- **Exercise details**: What follows is a listing to be transcribed exactly.

- **Raw data**:
= = = =

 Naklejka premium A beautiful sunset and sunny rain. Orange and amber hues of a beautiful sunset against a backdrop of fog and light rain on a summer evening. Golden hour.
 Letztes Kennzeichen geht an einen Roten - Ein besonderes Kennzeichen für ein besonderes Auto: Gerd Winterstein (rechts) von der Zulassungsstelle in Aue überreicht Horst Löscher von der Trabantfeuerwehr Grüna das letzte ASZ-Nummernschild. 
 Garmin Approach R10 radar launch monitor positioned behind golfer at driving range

= = = =

- **Exercise result**:
 Naklejka premium A beautiful sunset and sunny rain. Orange and amber hues of a beautiful sunset against a backdrop of fog and light rain on a summer evening. Golden hour.
 Letztes Kennzeichen geht an einen Roten - Ein besonderes Kennzeichen für ein besonderes Auto: Gerd Winterstein (rechts) von der Zulassungsstelle in Aue überreicht Horst Löscher von der Trabantfeuerwehr Grüna das letzte ASZ-Nummernschild. 
 Garmin Approach R10 radar launch monitor positioned behind golfer at driving range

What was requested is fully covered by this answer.